The First All Black Helicopter Crew

Tashanta Snyder | 12/12/2011, 12:52 p.m.
The biggest thing since the Tuskegee Airmen took off in Iraq. On Oct. 28th an...
The First All Black Helicopter Crew

The biggest thing since the Tuskegee Airmen took off in Iraq. On Oct. 28th an all Black helicopter crew took it's first flight. Captain Hill, Louisiana, CW4 Stephen Ellis, Alabama, CW4 Murry Hill, Alabama, Sergeant McCord, Alabama and Sergeant Walker, Alabama transported troops to Taji, Baghdad and Al Asad. According to Ellis, transporting troops this way is safer than moving the in ground convoys.

"Very rarely do you see two blacks flying together, says Stephen Ellis, one of the very few black military aviators. "We managed to have an all black flight crew," Ellis continues. "It's an honor in this field. There aren't a lot of African Americans that fly period," Ellis continues. African Americans are intimidated by the study, according to Ellis. "You have to stay proficient, it takes a lot of discipline" says Ellis, "they like to stay on the ground," Ellis continues. CW4 Murry has been in the military for 22 years and a pilot for 19 years, Sergeant McCord has been a Military Aviator for 10 years, Sergeant Walker has been in the Aviation field for 7 years and Ellis has been a pilot for 3 years. Never in any of their military careers have they seen an all black helicopter crew. When asked why he thought there aren't that many blacks in the aviation field he replied, "It's all about the demand of flight hours. We have to fly at so many different times a year."
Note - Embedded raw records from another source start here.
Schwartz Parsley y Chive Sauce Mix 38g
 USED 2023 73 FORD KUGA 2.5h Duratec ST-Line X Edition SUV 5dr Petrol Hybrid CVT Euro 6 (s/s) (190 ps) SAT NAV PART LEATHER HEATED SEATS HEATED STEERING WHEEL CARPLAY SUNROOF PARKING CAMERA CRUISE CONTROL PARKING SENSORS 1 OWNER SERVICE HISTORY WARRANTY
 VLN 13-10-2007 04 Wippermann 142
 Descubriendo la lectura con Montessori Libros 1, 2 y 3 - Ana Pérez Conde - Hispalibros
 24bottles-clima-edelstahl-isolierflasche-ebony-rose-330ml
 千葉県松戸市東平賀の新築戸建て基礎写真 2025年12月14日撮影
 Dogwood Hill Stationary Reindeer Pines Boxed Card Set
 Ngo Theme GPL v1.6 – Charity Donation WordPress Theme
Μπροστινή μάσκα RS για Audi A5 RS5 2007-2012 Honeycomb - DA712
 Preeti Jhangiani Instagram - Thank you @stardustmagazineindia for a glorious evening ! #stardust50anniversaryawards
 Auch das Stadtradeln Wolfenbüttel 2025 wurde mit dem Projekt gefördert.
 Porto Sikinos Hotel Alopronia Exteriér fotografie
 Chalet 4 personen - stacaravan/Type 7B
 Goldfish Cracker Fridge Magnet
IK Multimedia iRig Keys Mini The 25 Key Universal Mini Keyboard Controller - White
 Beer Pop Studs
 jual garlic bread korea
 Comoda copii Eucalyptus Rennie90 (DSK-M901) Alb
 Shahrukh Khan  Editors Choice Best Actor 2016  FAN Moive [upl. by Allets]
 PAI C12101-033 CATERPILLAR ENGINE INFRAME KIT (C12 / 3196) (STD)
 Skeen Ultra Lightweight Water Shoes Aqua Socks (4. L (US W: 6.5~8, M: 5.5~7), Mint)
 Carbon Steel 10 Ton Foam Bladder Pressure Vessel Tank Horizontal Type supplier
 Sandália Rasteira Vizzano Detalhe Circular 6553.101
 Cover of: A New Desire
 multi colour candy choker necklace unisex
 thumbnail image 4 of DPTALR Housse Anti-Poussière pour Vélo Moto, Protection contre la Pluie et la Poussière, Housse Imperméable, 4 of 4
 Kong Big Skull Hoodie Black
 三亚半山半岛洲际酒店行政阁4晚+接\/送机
African Americans and other minorities among U.S. Pilots, however, are so low it's hard to find meaningful statistics according to Timothy R. Gaffney, an Aviation Writer. A 1997 National Academics report "Taking Flight Education and Training for Aviation Careers," found 92 percent of U.S. Airline Pilots in 1990 were white men, compared with 43 percent in the civilian labor force. Less than 2 percent were Black and less than 3 percent were Hispanic. The Air-Corps refusal to allow African Americans to join the airforce ended on Oct. 9th 1940, when the War Department at the urging of President Franklin D. Roosevelt, who wished to guarantee the support of African Americans in the next presidential election issued a statement declaring that Blacks are being given aviation training as pilots, mechanics and technical specialists. This really didn't mean that African Americans would be trained equally with white airmen. Rather the Air Corps created an Aviation Squadrons (separate units) and in most cases, assigned it's men the most menial and degrading tasks, according to the Century of Flight.

"Out of 80 aviators, the are only three Black pilots," says Ellis. "Out of a few chiefs and gunners there are only five or six Black sergeants. So will it ever happen again? Probably not according to Ellis. There aren't enough African Americans in the unit, explains Ellis.